> DATA EXTRACT:
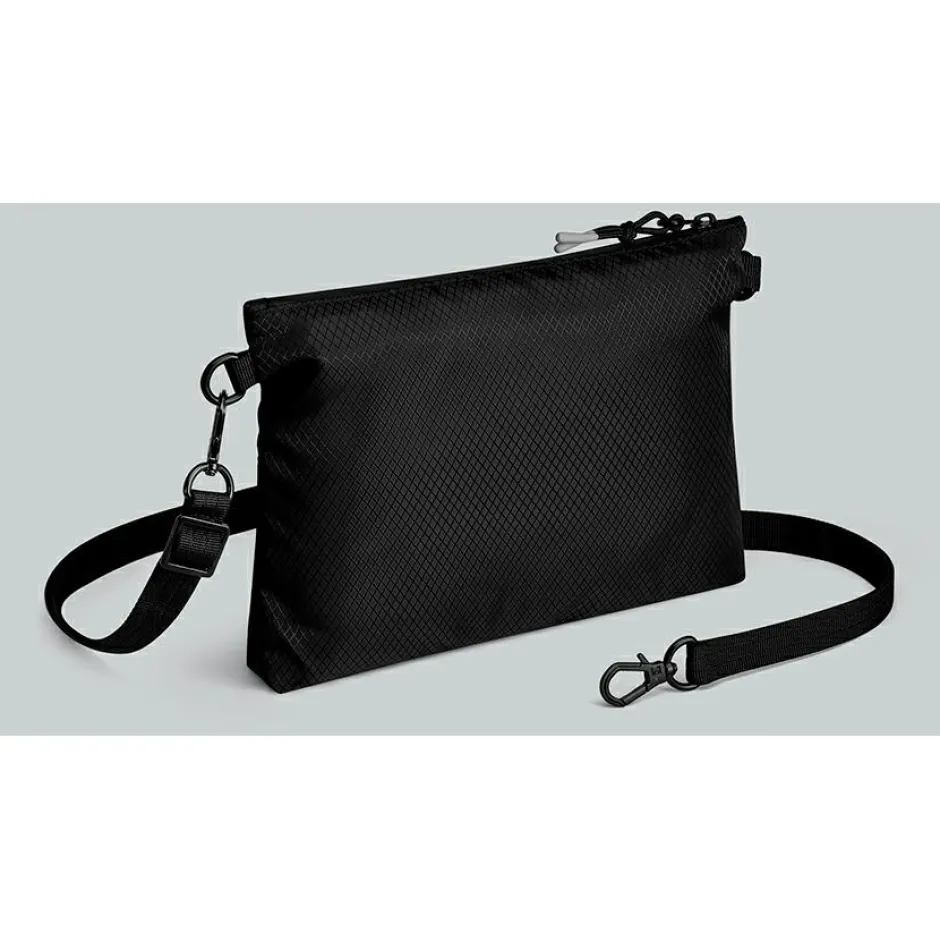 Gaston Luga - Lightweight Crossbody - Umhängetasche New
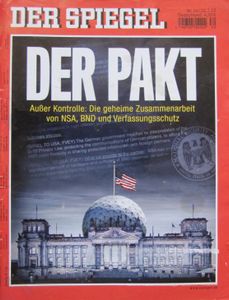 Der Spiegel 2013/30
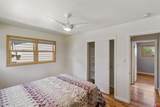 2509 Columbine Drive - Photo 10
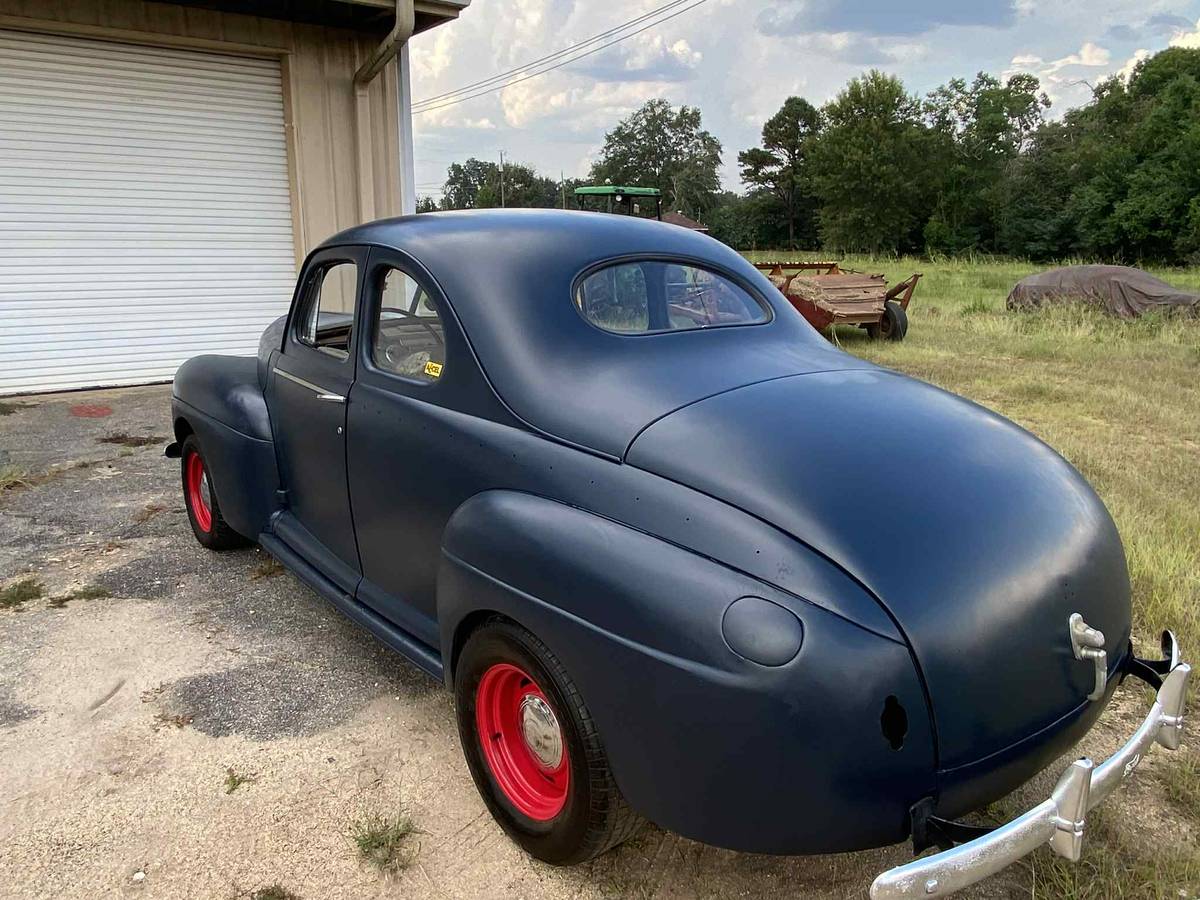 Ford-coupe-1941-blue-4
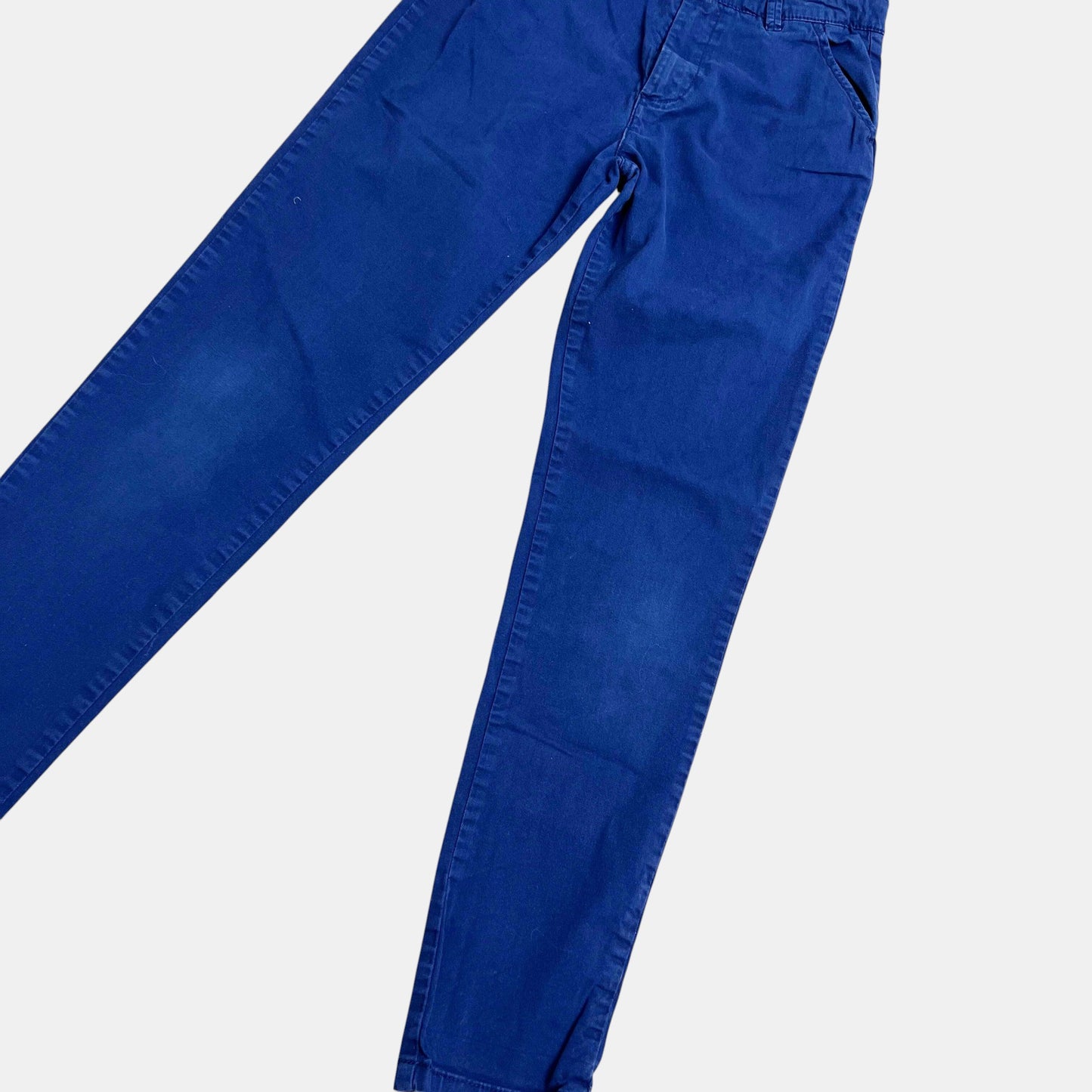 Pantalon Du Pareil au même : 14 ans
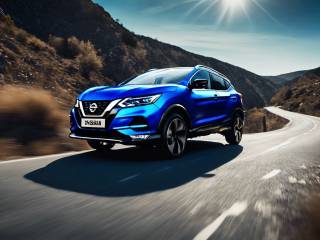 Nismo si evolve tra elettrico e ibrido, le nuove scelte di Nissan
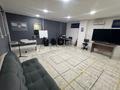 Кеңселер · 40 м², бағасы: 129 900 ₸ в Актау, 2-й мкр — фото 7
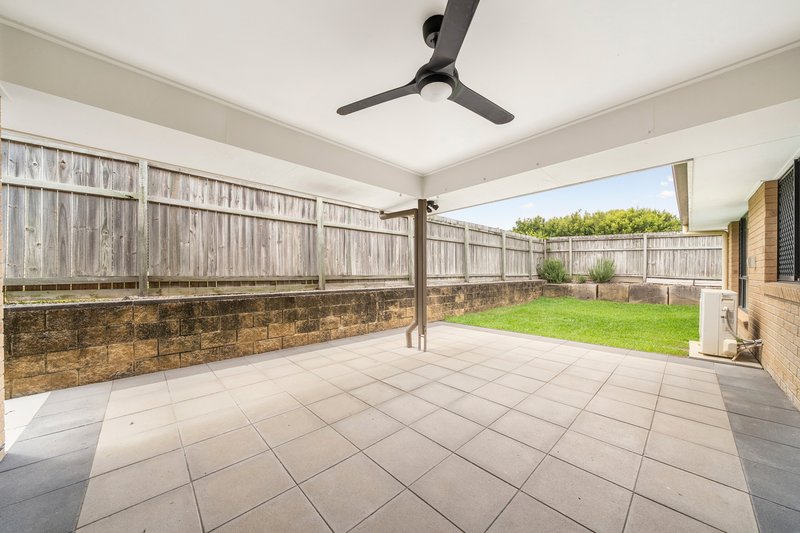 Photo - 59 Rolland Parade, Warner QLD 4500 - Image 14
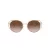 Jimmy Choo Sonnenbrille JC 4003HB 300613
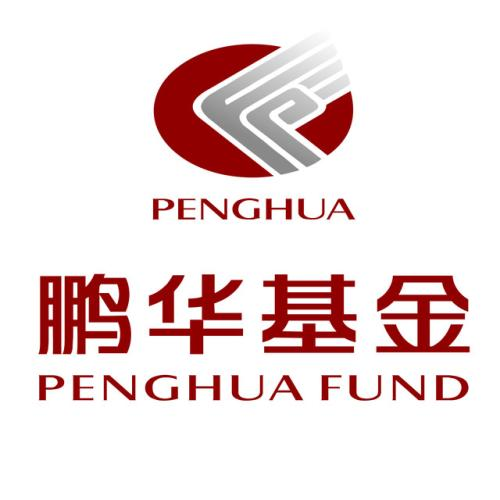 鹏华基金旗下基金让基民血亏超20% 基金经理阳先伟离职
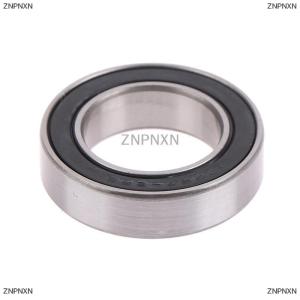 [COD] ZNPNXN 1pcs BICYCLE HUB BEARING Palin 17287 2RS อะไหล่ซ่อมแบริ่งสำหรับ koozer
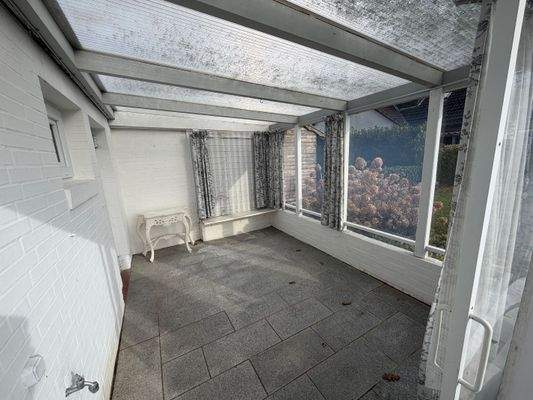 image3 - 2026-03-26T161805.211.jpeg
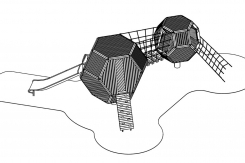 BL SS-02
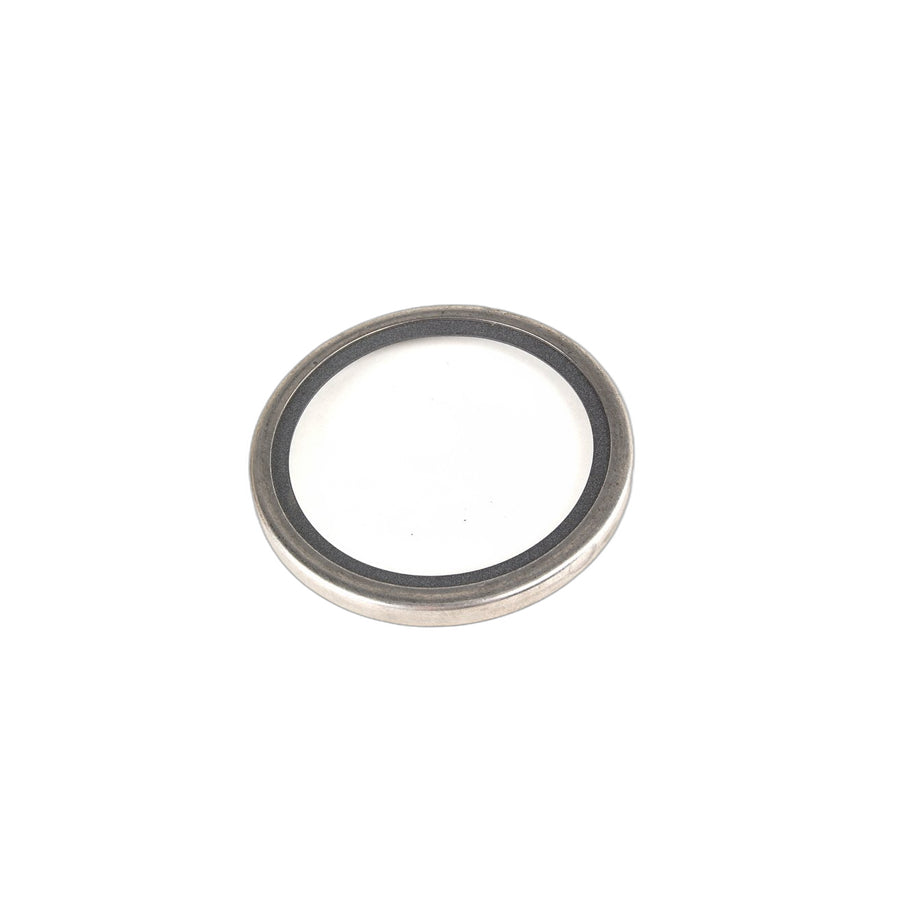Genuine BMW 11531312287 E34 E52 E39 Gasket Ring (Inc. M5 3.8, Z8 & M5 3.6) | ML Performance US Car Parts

> TASK DESCRIPTION: Your reply should consist only of the lines running from the line with "Nismo si evolve" to the end of the entries, both included, copied exactly and without any pictures.

> ANSWER BELOW:
 Nismo si evolve tra elettrico e ibrido, le nuove scelte di Nissan
 Кеңселер · 40 м², бағасы: 129 900 ₸ в Актау, 2-й мкр — фото 7
 Photo - 59 Rolland Parade, Warner QLD 4500 - Image 14
 Jimmy Choo Sonnenbrille JC 4003HB 300613
 鹏华基金旗下基金让基民血亏超20% 基金经理阳先伟离职
 [COD] ZNPNXN 1pcs BICYCLE HUB BEARING Palin 17287 2RS อะไหล่ซ่อมแบริ่งสำหรับ koozer
 image3 - 2026-03-26T161805.211.jpeg
 BL SS-02
Genuine BMW 11531312287 E34 E52 E39 Gasket Ring (Inc. M5 3.8, Z8 & M5 3.6) | ML Performance US Car Parts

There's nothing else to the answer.